85th International Atlantic Economic Conference

March 14 - 17, 2018 | London, United Kingdom

Two-sided information asymmetry in the healthcare industry

Saturday, 17 March 2018: 9:20 AM
Ivan I. Major, Ph.D. , Economics, Budapest University of technology and Economics, Hungarian Academy of Sciences, Budapest, Hungary
The healthcare sector has become one of the largest industries in most countries. It is also an outstanding case for a multi-tier system of the participating parties’ incentives, and frequently, of their conflicting interests. I shall focus only on a few of the multi-factorial interrelations between the different actors in healthcare services.

Since Kenneth Arrow (1963) first addressed the issues of asymmetric information in health insurance, several authors discussed the impact of asymmetric information on the quality and costs of medical services. (See, e.g., Ellis and McGuire (1986), De Fraja (2000), Chalkley and Malcomson (2002) and Siciliani (2006)). However, their papers focused on one-sided asymmetric information between physicians and their patients, or between healthcare institutions (hospitals) and the healthcare funding agency. As is well-known from the literature, one-sided asymmetric information in a transaction will result in a welfare loss and in a loss of cost efficiency. (See, e.g., Laffont and Martimort (2002)). Should regulators apply cost-based regulatory tools rather than incentive-based methods, the loss becomes even larger. (See, e.g., Major and Kiss (2013) on cost-based pricing in regulated industries, especially in telecommunications.) This loss can be reduced, but it cannot be fully annihilated even by incentive-based regulation either.

The novel approach of my paper is that I assume and discuss double information asymmetry between the transacting parties that describes the actors’ relationship more realistically than the traditional “Principal-Agent” models. I shall prove that any system of incentivization may only apply “perverse incentives” in this case. Notably, the efficient, high-quality healthcare units will be punished while the less efficient and lower quality ones will be rewarded for their accomplishment.
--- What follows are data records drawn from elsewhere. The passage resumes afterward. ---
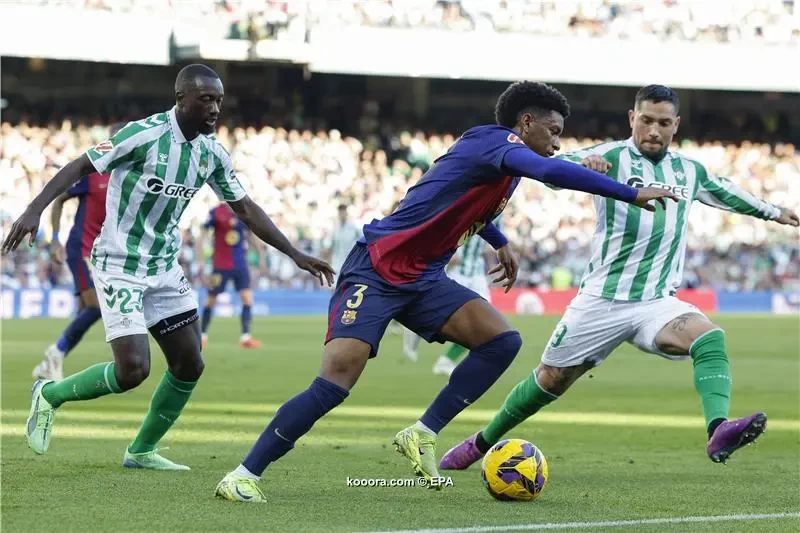 بالصور: لدغة قاتلة تحبط برشلونة أمام ريال بيتيس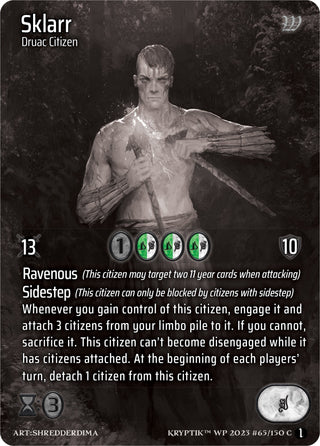 Sklarr (Cosmo Foil) (65) [KPTGC] - Kryptik TCG Single
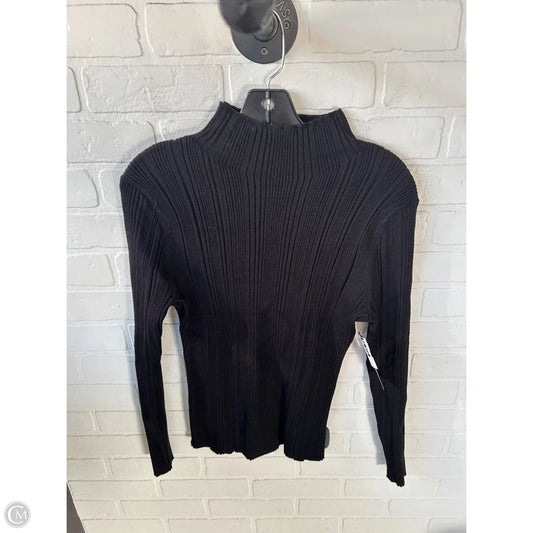 Sweater By White House Black Market In Black, Size: L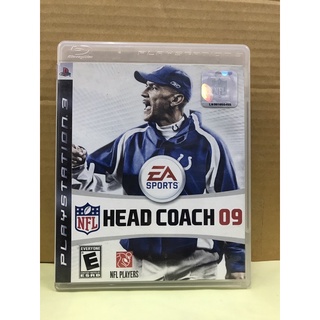 แผ่นแท้ [PS3] [English] NFL Head Coach 09 (Zone 1 US) (BLUS-30128)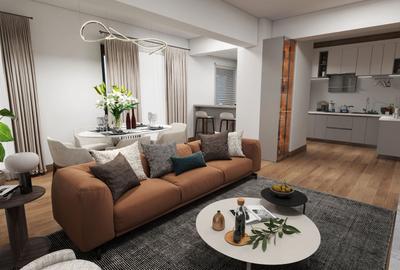 Apartament cu 2 camere semidecomandat în Zorilor - 3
I shall extend the previous theoretical analysis by using examples from Central and Eastern-European countries, first of all the case of Hungarian healthcare. Some of the symptoms and causes of the current decline can also be found in advanced West European countries, and even in the United States. They are closely related to the ill-designed regulatory systems of publicly funded healthcare in these countries. In the empirical analysis, I focus on the ownership structure and the regulatory system of healthcare in CEE countries and I show the impact of the institutional setup on their cost-efficiency and performance. This data comes from Eurostat, the World Health Organization, and the Organization for Economic Co-Operation, and Development.